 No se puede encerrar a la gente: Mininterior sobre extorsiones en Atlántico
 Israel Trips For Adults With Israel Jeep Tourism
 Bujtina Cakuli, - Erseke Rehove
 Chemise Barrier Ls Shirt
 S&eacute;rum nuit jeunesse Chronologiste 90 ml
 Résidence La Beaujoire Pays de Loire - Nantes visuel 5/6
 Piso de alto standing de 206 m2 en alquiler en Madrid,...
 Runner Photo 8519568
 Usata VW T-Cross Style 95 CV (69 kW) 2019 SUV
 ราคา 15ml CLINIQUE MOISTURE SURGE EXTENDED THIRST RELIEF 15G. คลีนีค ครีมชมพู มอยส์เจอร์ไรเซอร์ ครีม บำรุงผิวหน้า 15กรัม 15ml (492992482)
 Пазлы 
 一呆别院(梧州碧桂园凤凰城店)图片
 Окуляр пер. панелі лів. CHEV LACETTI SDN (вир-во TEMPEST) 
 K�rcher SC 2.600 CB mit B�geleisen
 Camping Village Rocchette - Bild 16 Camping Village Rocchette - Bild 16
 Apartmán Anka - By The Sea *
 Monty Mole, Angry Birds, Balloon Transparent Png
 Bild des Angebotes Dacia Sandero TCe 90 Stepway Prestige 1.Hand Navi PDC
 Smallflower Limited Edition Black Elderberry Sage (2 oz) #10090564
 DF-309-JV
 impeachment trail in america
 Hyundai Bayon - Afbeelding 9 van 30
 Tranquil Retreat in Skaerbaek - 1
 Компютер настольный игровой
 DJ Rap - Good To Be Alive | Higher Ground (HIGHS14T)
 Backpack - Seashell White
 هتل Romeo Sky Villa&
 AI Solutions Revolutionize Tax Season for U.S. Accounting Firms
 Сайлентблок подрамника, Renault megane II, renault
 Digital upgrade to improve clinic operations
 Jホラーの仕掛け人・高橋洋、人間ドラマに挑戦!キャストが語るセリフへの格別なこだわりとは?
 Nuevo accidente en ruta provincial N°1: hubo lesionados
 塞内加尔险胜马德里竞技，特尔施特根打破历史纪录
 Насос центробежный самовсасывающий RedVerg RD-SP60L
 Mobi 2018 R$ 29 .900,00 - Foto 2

# WORK ITEM
In the records above, find the line with "Сайлентблок подрамника, Renault"; write out exactly that line and each one after it, stopping after the line with "Насос центробежный самовсасывающий".

# ANSWER
 Сайлентблок подрамника, Renault megane II, renault
 Digital upgrade to improve clinic operations
 Jホラーの仕掛け人・高橋洋、人間ドラマに挑戦!キャストが語るセリフへの格別なこだわりとは?
 Nuevo accidente en ruta provincial N°1: hubo lesionados
 塞内加尔险胜马德里竞技，特尔施特根打破历史纪录
 Насос центробежный самовсасывающий RedVerg RD-SP60L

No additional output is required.